In April 1970, the managing agency system was finally abolished by the Indira Gandhi government. But much before that, by the middle of the 1960s, many of the managing agencies in India were selling off their stakes and exiting the country. The history of modern India's entrepreneurship and industrialisation would be incomplete without the story of the managing agencies that flourished between the middle of the nineteenth century.
The managing agency was a peculiar corporate structure that allowed the few partners who set it up to control a number of public limited and joint stock companies, despite a very small shareholding in the latter. It allowed men with great entrepreneurial drive and organisational abilities to get involved in a number of businesses and promote others, but it was also a system prone to abuse. The managing agency essentially managed these firms through long-term management contracts that gave them total control, and big returns while the investors of the firm got the short shrift.
Typically, the partner (or at least the dominant partner) of the managing agency was also the promoter of the corporation being managed, though the amount of capital he would risk would be limited. His reputation (and that of the managing agency) allowed for the raising of enough capital from rich, but passive, investors who were comfortable with limited returns.
There are very few, if any, references in modern business manuals about the managing agency system, which is why Omkar Goswami's slim study - Goras and Desis: Managing Agencies and the Making of Corporate India - is such an important contribution. It is an exceedingly interesting book for laymen as well as serious students of corporate history.
Goswami makes the book easy to read without over simplifying things or skimping on detail. He starts off with a brief look at the agency system, which was a completely different organisation entity and preceded the managing agency system.

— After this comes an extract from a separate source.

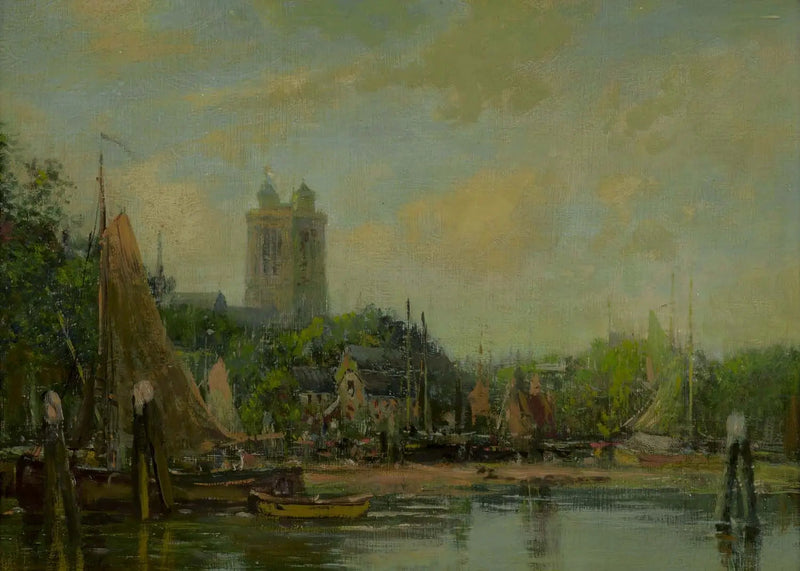 Dordrecht, a catedral - Eugène Boudin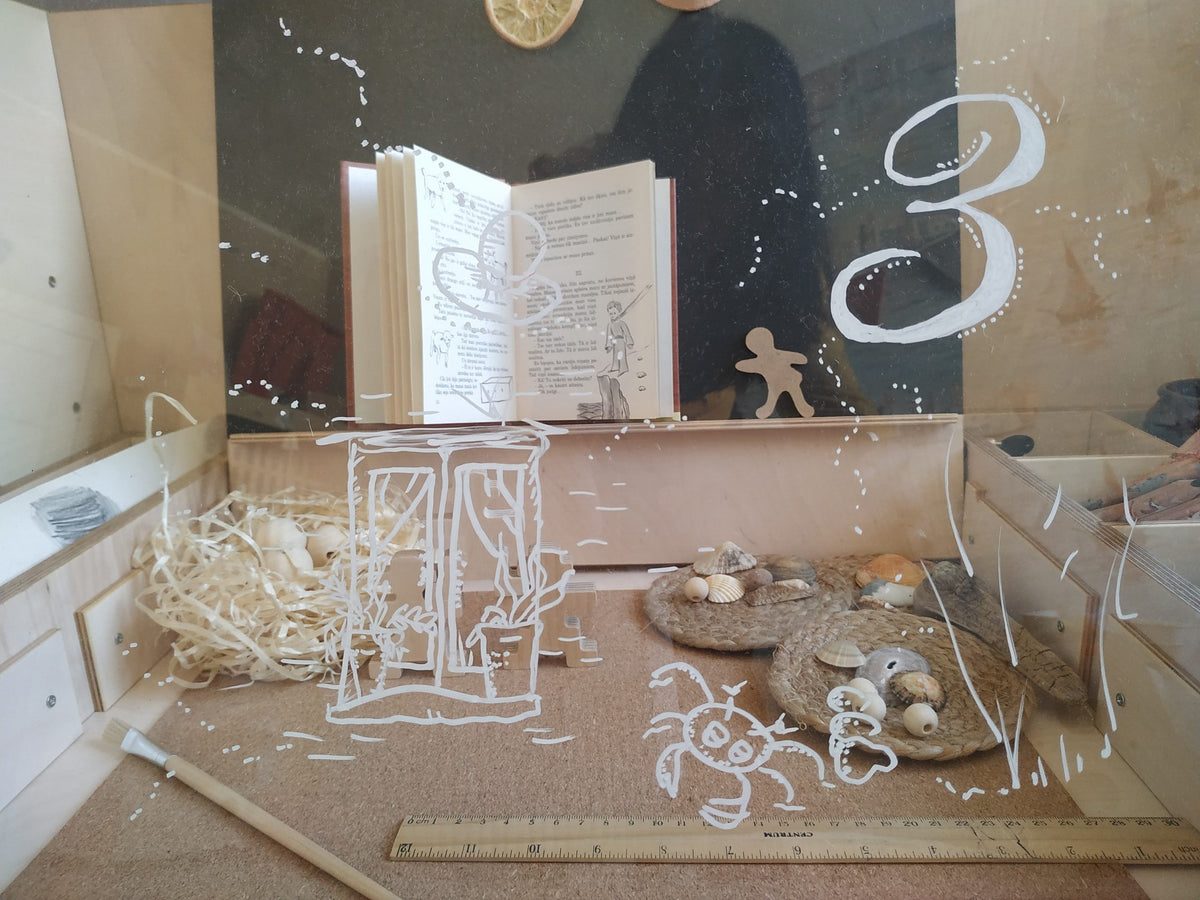 Kindertafel en stoel Julle verstelbaar – mintgroen – afbeelding 3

The agency system was a partnership firm of traders who banded together to exploit certain trade routes and destinations. The English East India Company started as an agency and ended up becoming the ruler of most of India before its decline started in the 19th century. Initially, some of its former employees left to form trading agencies with names such as Jardine Skinner and Gillander Arbuthnot. These, apart from trading activities, also invested some capital in plantations and other businesses.
However, when the British Empire took direct control of the governance of India after 1857, the big managing agencies were born. By the end of World War I, they practically controlled three-fourths of all industry in India. The managing agencies were true conglomerates, controlling tea, coffee, rubber and jute plantations, textile and jute mills, coal mines, shipping companies, and many others. The English, Scottish and Indian agencies jostled to dominate entire industries. Probably, the first Indian entrepreneur to set up his own managing agency was Dwarkanath Tagore who promoted Carr, Tagore & Company in Calcutta with his English partner. Tagore even started a bank. He had amassed great wealth through his estates and money lending by the time he set up his managing agency, and at its peak, it was one of the biggest in India.
The Tatas, the Birlas, the Walchand Hirachands, and many others set up their own agencies. The agencies, in turn, controlled companies these entrepreneurs had set up as well as businesses they managed to take over. Andrew Yule, Macneill and Barry, Mackenzie & Co, were some of the British managing agencies of that era. They often looked down on their Indian peers.
But the agencies promoted by Parsi and Marwari entrepreneurs more than held their own. Initially, the British agencies had a complete lock on the jute mills, for example. But by the early 20th century, even before World War II, the Marwaris, led by the Birlas, had taken charge of the business. It was a pattern to be repeated in other industries.
Over time, problems of the agency system came to the fore. The companies they managed often did not do well, and passed on most of the profits they made to the agency first. Also, managing agencies did not put in much capital, but had a disproportionate control over public companies. Many entrepreneurs at the head of the agencies siphoned off profits from the companies they managed.
By the time India attained Independence, the managing agency system was already straining at its seams. The government of Nehru, too, did not like the structure, and controls began being put on them. Many English and Scottish promoters sold off their interests, and headed home. The Indians continued, initially even buying out the gora agencies from their departing partners. But by the time Indira Gandhi came to power, the end of the managing agency system was in sight. And in 1970, it was formally abolished by the government.
The book looks at both the historical events of corporate India, as well as the colourful Indian and British entrepreneurs who stamped their imprint on Indian businesses. It provides a good insight into the origins of many of India's big business families.